Hurricane Katrina approaches New Orleans


clean-up kits are loaded by volunteers at the LaPlace distribution site


a resident of St Bernard’s Parish, New Orleans, tries to salvage some belongings


families arrive for assistance at the disaster drive-thru, LaPlace



Major Joseph Wheeler and volunteer helper Gail Gaylezorad at LaPlace


a resident of St Bernard’s Parish, New Orleans, returns home for the first time since the hurricane struck

MY appointment takes me to many disaster-hit areas around the world. The sense of horror that I felt on initial visits has waned and, sadly, the things I see now I have usually seen many times before.

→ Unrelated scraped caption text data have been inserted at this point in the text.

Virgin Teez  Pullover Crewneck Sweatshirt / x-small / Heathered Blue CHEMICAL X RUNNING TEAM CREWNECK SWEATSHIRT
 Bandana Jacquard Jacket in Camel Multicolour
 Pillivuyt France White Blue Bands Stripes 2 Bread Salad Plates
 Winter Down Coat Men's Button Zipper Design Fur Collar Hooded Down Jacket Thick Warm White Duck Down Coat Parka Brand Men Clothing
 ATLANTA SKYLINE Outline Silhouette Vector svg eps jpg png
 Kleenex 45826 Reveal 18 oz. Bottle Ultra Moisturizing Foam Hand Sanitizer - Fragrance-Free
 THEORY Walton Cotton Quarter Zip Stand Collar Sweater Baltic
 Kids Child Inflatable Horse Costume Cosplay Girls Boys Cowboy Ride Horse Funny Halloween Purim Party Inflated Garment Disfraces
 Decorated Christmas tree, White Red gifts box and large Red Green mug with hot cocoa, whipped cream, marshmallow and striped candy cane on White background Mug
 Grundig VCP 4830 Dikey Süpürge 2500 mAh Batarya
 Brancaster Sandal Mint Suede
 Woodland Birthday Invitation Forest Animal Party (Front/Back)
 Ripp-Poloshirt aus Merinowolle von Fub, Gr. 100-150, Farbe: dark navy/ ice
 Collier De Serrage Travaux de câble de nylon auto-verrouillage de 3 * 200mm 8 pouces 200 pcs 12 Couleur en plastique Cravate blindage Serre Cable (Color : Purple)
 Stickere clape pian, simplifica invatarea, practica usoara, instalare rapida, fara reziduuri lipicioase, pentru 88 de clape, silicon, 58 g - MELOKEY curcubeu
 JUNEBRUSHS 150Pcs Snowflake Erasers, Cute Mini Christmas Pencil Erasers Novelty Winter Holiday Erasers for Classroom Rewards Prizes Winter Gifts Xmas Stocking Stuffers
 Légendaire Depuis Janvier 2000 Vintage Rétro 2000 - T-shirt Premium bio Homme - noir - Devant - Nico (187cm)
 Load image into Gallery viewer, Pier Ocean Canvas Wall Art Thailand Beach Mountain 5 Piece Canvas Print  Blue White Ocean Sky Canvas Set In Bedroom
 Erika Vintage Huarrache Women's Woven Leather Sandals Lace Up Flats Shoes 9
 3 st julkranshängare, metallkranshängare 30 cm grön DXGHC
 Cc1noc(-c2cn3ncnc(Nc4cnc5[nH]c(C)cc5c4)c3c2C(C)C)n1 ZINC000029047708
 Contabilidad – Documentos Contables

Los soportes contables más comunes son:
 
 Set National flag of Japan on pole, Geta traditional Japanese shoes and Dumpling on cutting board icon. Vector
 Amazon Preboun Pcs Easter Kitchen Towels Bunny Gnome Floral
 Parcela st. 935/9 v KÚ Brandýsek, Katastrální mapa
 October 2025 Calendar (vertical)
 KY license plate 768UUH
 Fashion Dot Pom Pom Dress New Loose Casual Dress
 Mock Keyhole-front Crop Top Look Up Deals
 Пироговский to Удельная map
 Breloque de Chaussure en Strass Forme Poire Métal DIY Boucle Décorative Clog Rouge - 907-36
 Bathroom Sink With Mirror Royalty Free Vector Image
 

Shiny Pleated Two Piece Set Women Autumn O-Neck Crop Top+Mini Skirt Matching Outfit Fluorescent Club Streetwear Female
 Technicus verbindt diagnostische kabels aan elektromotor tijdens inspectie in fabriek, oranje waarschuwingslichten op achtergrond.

My recent visit to America’s Gulf Coast brought a jolt back to reality. The United States of America is a huge country and the oft-repeated joke is that everything is bigger there. When Hurricane Katrina made landfall on 29 August 2005 it hit with devastating force, with sustained winds of 145 miles per hour. If this wasn’t either big enough or bad enough, less than four weeks later more than a million people had to get out of the way as Hurricane Rita approached the same coastline.

Rita’s centre slammed into the extreme south-west coast of Louisiana near Sabine Pass, Texas, with winds of 120 mph. I saw the immediate aftermath and as I drove through one devastated community after another I found myself quietly chanting the phrase, ‘I don’t believe it!’ as one eye-opening scene led to another.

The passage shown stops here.